*** Begin section ***

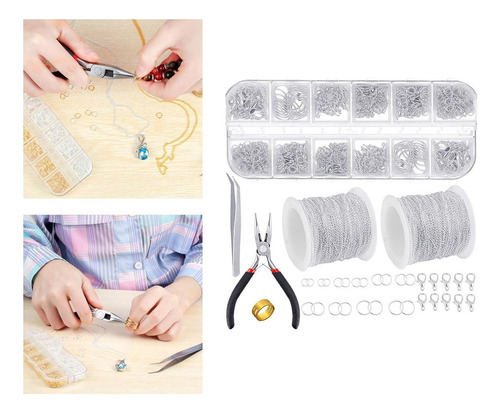 1000 Uds. Anillos Abiertos For Hacer Joyas, Llavero Diy,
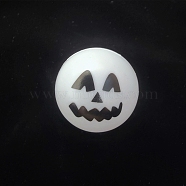 Halloween Plastic Hollow Bounce Ball, Ghost, White, 33mm(PW-WG733AD-06)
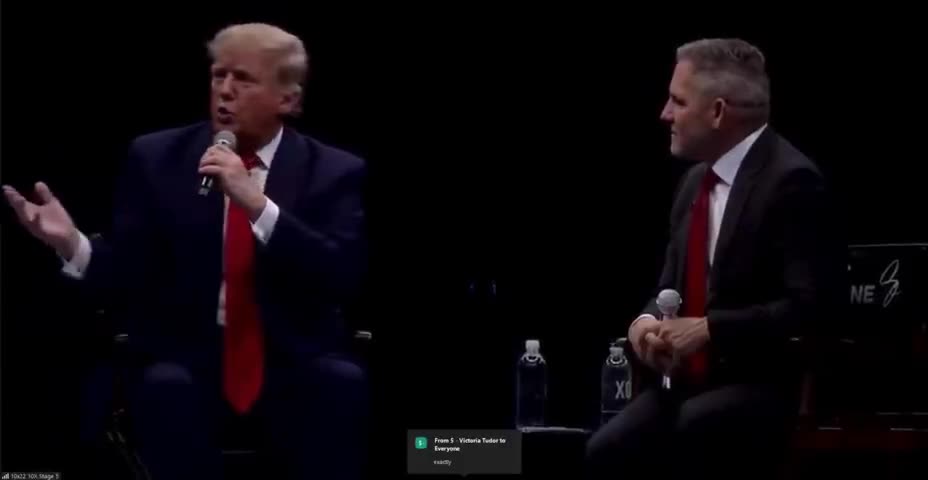 DJT makes a surprise visit to the 10X Growth Conference
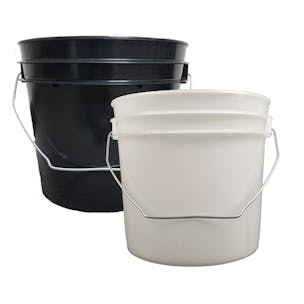 Plastic Gallon Bucket Translucent 1ct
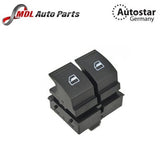 AutoStar Front Left Electric Window Switch 1K3959857A VW Golf Mk5 Mk6 Jetta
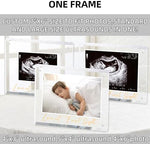 DEYIXUN clear magnetic sonogram frame displaying baby milestone picture on a table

*** End section ***

= What the exercise asks =
An exact copy of every line above, minus the pictures, is the required output.

= Worked solution =
 1000 Uds. Anillos Abiertos For Hacer Joyas, Llavero Diy,
 Halloween Plastic Hollow Bounce Ball, Ghost, White, 33mm(PW-WG733AD-06)
 DJT makes a surprise visit to the 10X Growth Conference
 Plastic Gallon Bucket Translucent 1ct
 AutoStar Front Left Electric Window Switch 1K3959857A VW Golf Mk5 Mk6 Jetta
 DEYIXUN clear magnetic sonogram frame displaying baby milestone picture on a table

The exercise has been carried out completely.